I have seen writers wasting time and coming to wrong conclusions that materially affect their bottom line because they don’t understand this. I see publishers doing the same thing. The basic topology of the internet, with its robust, distributed system of servers, has huge implications for how analog publishing needs to transform in the digital age.
Right now, publishers are not making the transformation. They’re doing better than the music business did, but they’re not doing better enough (if you will). Instead, we see the CEO of Harper-Collins seriously suggesting that bookstores charge customers to browse. A corporate mind-set stuck in figuring out how to keep the business the same dooms the business.
For good or ill, publishing is now a digital business. Publishers already do print well. Fine. Keep your print business in place; it’s probably never going away entirely. But the digital side means NEW processes. It means leveraging what digital processes do well: automation and simplification.
You know what I’d do if I owned one of the Big 5 or 6? I’d ask for cash and go buy O’Reilly, and then I’d let that division re-provision my publishing process. From the ground up, because that only makes my print process better.
Good vs. Good Enough
Let’s take the process of creating a file that will upload to various vendors with the greatest chance of providing a good experience for the reader. By the way, this discussion is not about the story you publish. It’s about the reader’s visual experience.
I’m all about writers being able to upload a Word document. Not because the result is good, but because the result is “Good Enough.” Most writers need to settle for good enough because we don’t yet have tools that make it easy to create an elegant eBook without also knowing a lot about html and css. Writers should understand they’re settling and by and large, they don’t.
Sadly, “good enough” for the author disrespects the reader. Readers deserve an elegant, barrier-free reading experience and most often they don’t get that.
Every non-native upload of an eBook file comes with compromises. The “good enough” Word upload means authors may not understand why they cannot upload the Word document that comes with the results of a scanned book. This also means that when there is a problem with the result of a Word upload, the author is not equipped to fix the problem.
I guess the piracy one is too easy. Besides, most authors are so emotionally wound up about this that I have yet to see the actual facts have much of an impact.

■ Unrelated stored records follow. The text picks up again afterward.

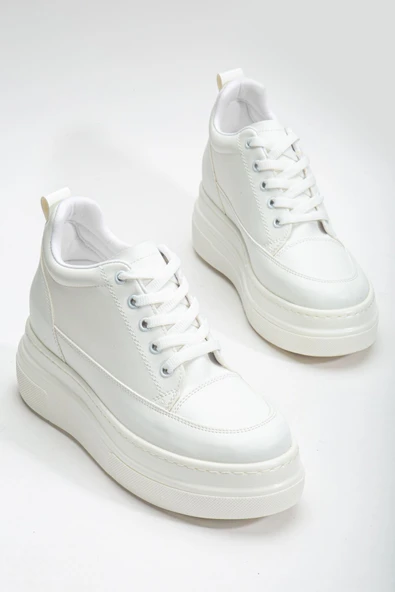 Nesvina Kadın Gizli Topuk Beyaz Sneaker - 1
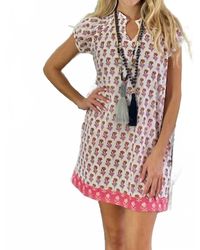 Just Darviny - Sally V-Neck Mini Dress - Lyst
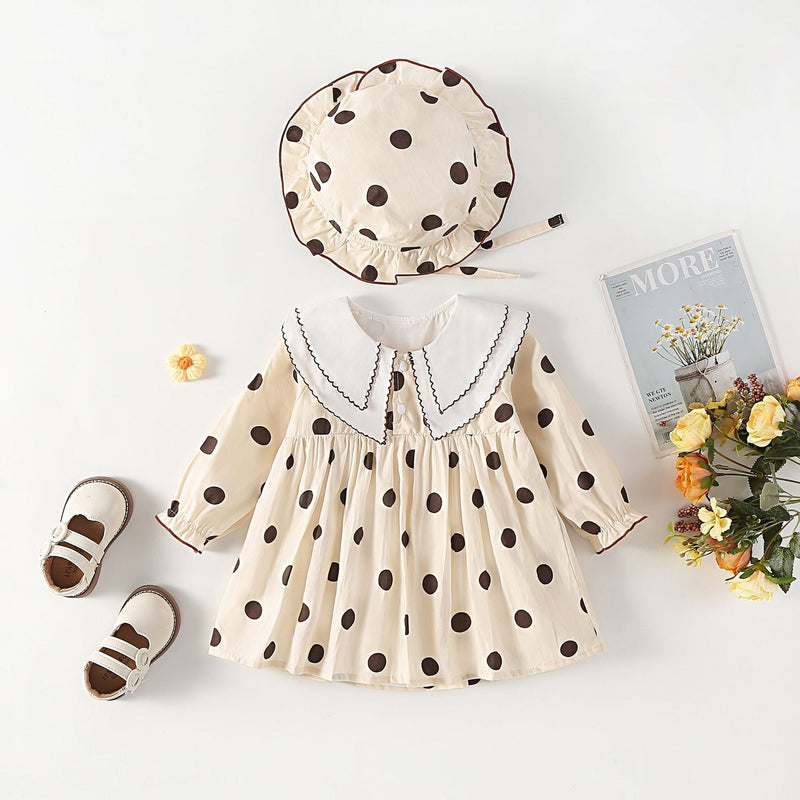 Vestido Infantil Bolinhas + Chapéu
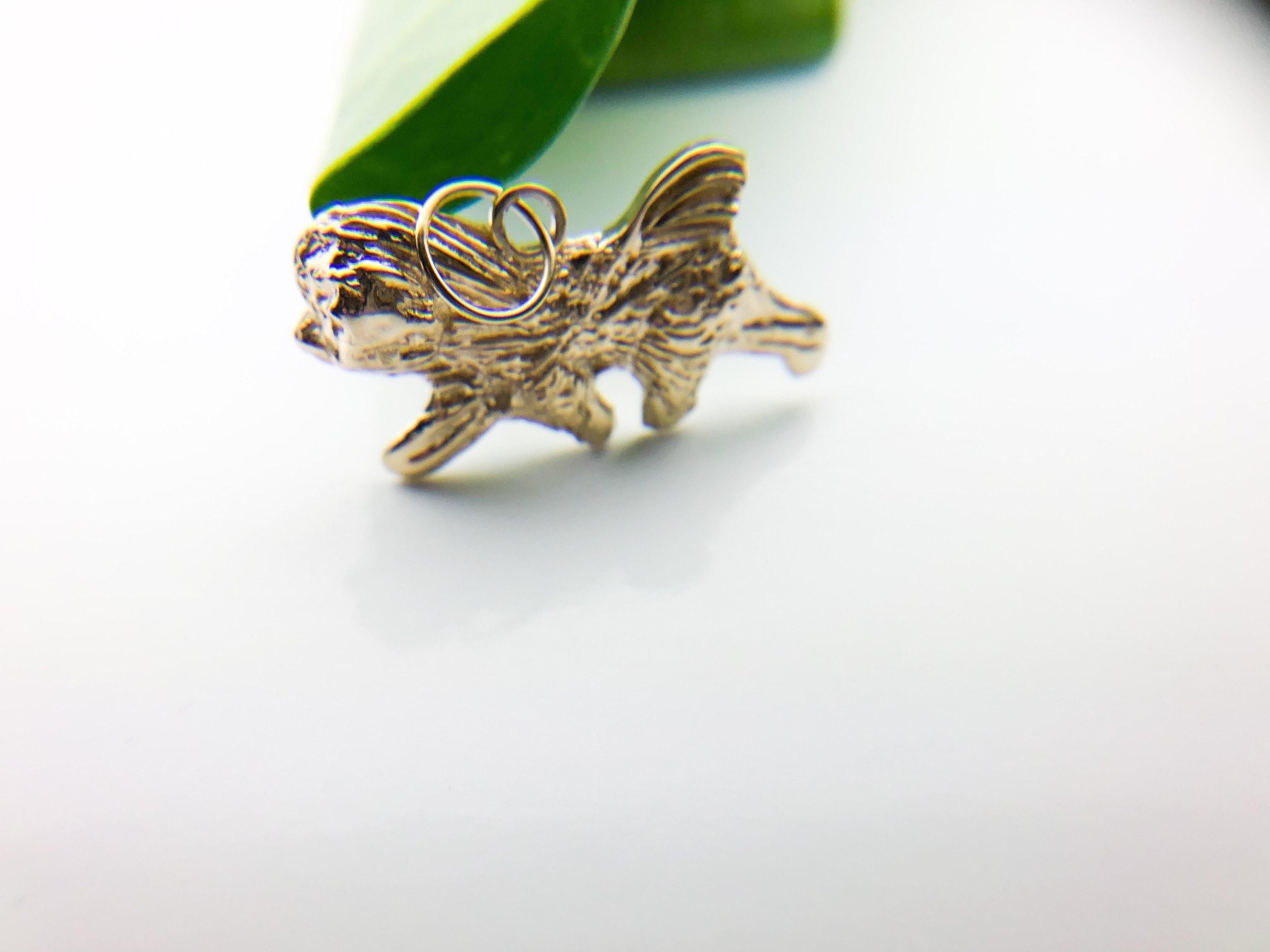 Niedlicher Hundeanhänger 18KT Gelbgold Hundemarke Hund massiv Goldanhänger Hundehalsband im Angebot 2
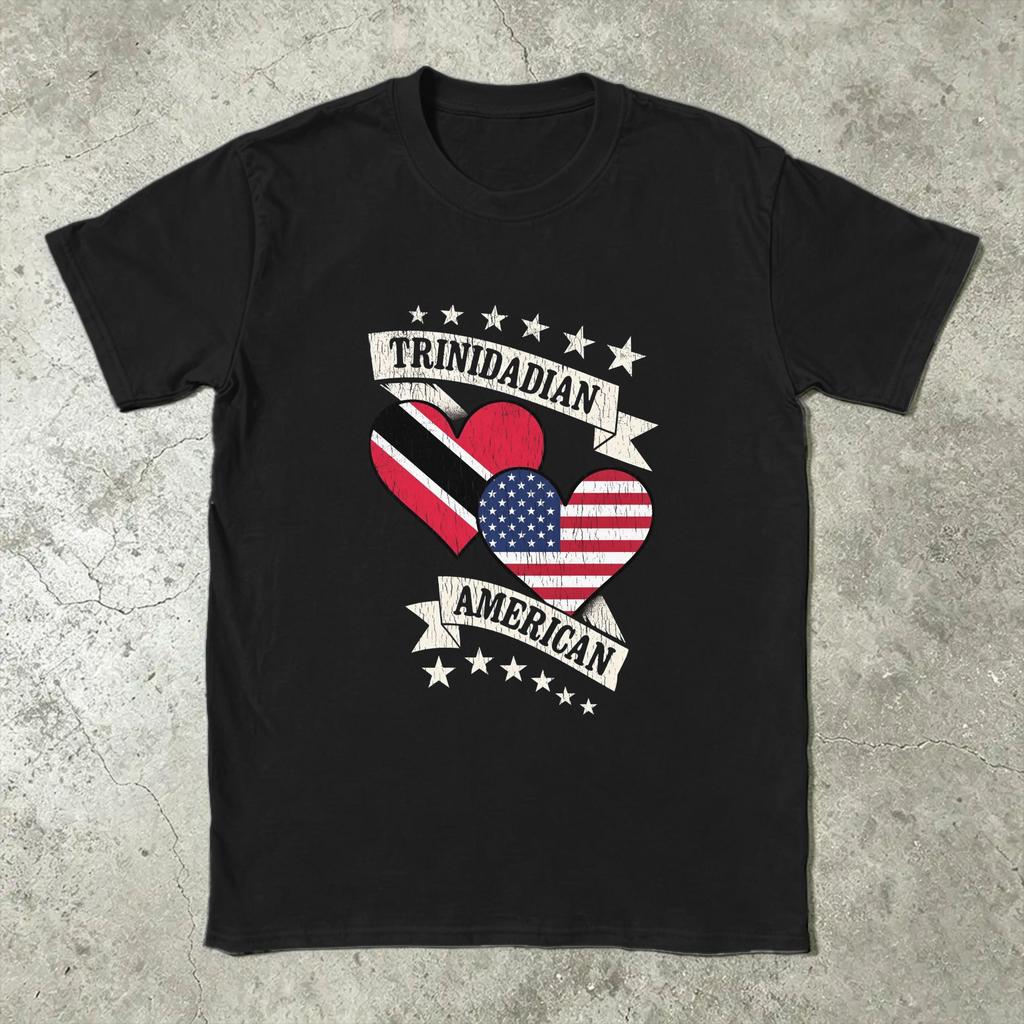 Casual T-Shirt Summer Trinidad And Tobago Flag Country Map Hip Hop T-Shirts  Cotton Tshirt for Men Aesthetic Top Tees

How about this? I hear authors speculating about aspects of Amazon’s website. It’s pretty apparent they don’t understand how a website that serves up content 24/7 world-wide has to operate. In fact, it’s such a new problem that Amazon, in fact, has invented lot of the systems that achieve this. Google as well, of course. In fact, their acquisition of You Tube was (I’m willing to bet) as much based in technology acquisition as it was function. What You Tube did to serve up its content was revolutionary to scaling an application from Hey, a few users are here to, hey, there are millions of users here. Per second.
(Flying at a high level here.) Amazon doesn’t have one server. They have thousands. They have web servers, database servers, file servers and more. They have appliances that load balance these servers. There isn’t one hard drive in those servers, there are 10 or 20 or more– thousands– and they’re all redundant and talking to each other. There are backup systems in place. They aren’t all in Seattle. They’re all over the world.